I have a data frame with one column, the content of which has been extracted from a messy PDF table:
my_df <- structure(list(value = c("Jon Doe Managing Director My Company Elk View IL (312) 726-1578 email5@email.com",
"John Smith Director Acme Corp Springfield IA (111) 111-1111 email1@email.com",
"Mike Jones Manager MyCo inc Jonestown MN (111) 111-1111 email2@email.com",
"Dorothy Baker CEO Our Company Inc Philadelphia PA (111) 111-111 email3@email.com"
)), row.names = c(NA, -4L), class = c("tbl_df", "tbl", "data.frame"
))
I’m trying to separate into multiple columns. Some of the values, such as job titles and phone numbers have space within them, so I need to separate by multiple spaces or tabs.

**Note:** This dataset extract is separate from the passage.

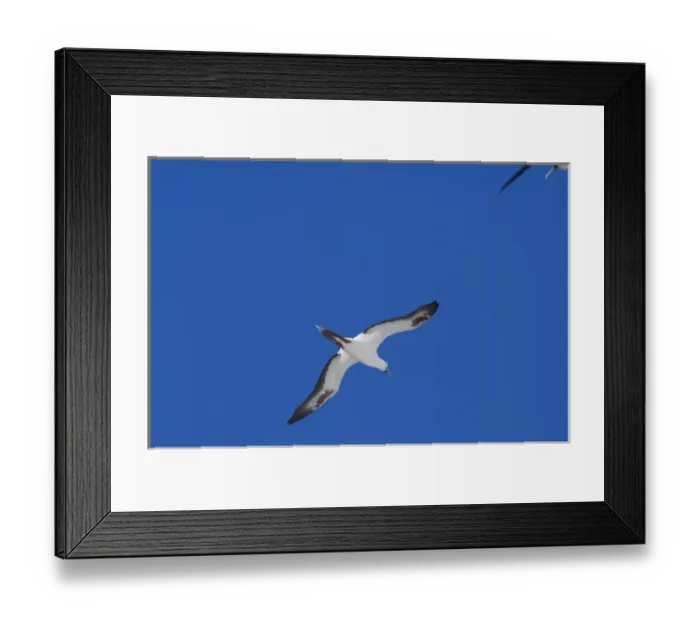 Framed Print : Ecuador, Galapagos. Genovesa Island aka Tower, Darwin Bay. Rare white plumage phase Framed Print : Ecuador, Galapagos. Genovesa Island aka Tower, Darwin Bay. Rare white plumage phase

I’d like to use separate from tidyverse if possible, so the basic code may look like:
pdf_list_df |>
separate(
value,
c(
"First Name",
"Last Name",
"Job Title",
"Company Name",
"City",
"State",
"Phone Number",
"Email Address"
)
)
I’m just stuck as to what regex or options would do this. I see solutions on here for other languages but not R. Thanks.
>Solution :
my_df %>%
separate(value,
into = c(
"First Name",
"Last Name",
"Job Title",
"Company Name",
"City",
"State",
"Phone Number",
"Email Address"
),
sep = "\\s{2,}")
# A tibble: 4 × 8
`First Name` `Last Name` `Job Title` `Company Name` City State `Phone Number` `Email Address`
<chr> <chr> <chr> <chr> <chr> <chr> <chr> <chr>
1 Jon Doe Managing Director My Company Elk View IL (312) 726-1578 email5@email.com
2 John Smith Director Acme Corp Springfield IA (111) 111-1111 email1@email.com
3 Mike Jones Manager MyCo inc Jonestown MN (111) 111-1111 email2@email.com
4 Dorothy Baker CEO Our Company Inc Philadelphia PA (111) 111-111 email3@email.com
The regex is pretty simple here: since you have multiple whitespace characters between the elements you want to extract the splitting pattern here simply matches at least two but possibly more white space characters. Conveniently the ‘words’ that form a unit, such as "Our Company Inc" only have one whitespace between them so the split pattern does not match here.